→ Provided material:
***
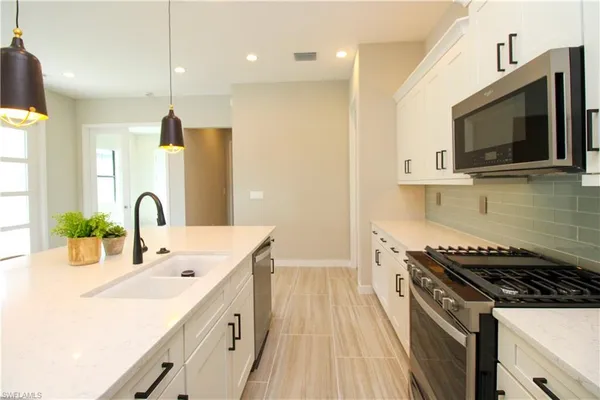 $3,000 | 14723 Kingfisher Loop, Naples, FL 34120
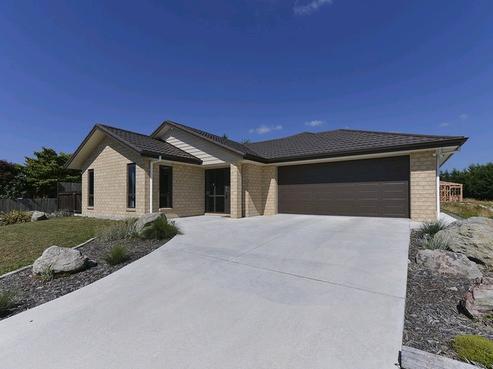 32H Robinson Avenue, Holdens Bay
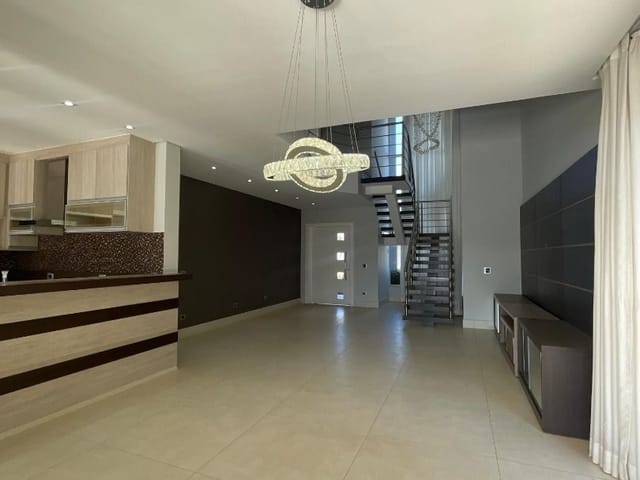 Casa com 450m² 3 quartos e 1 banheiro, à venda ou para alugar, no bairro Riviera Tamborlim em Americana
***
→ Assignment: Locate the line containing "32H Robinson Avenue, Holdens Bay" in the material above, then repeat it and every later line exactly, with no pictures.

→ Reply:
 32H Robinson Avenue, Holdens Bay
 Casa com 450m² 3 quartos e 1 banheiro, à venda ou para alugar, no bairro Riviera Tamborlim em Americana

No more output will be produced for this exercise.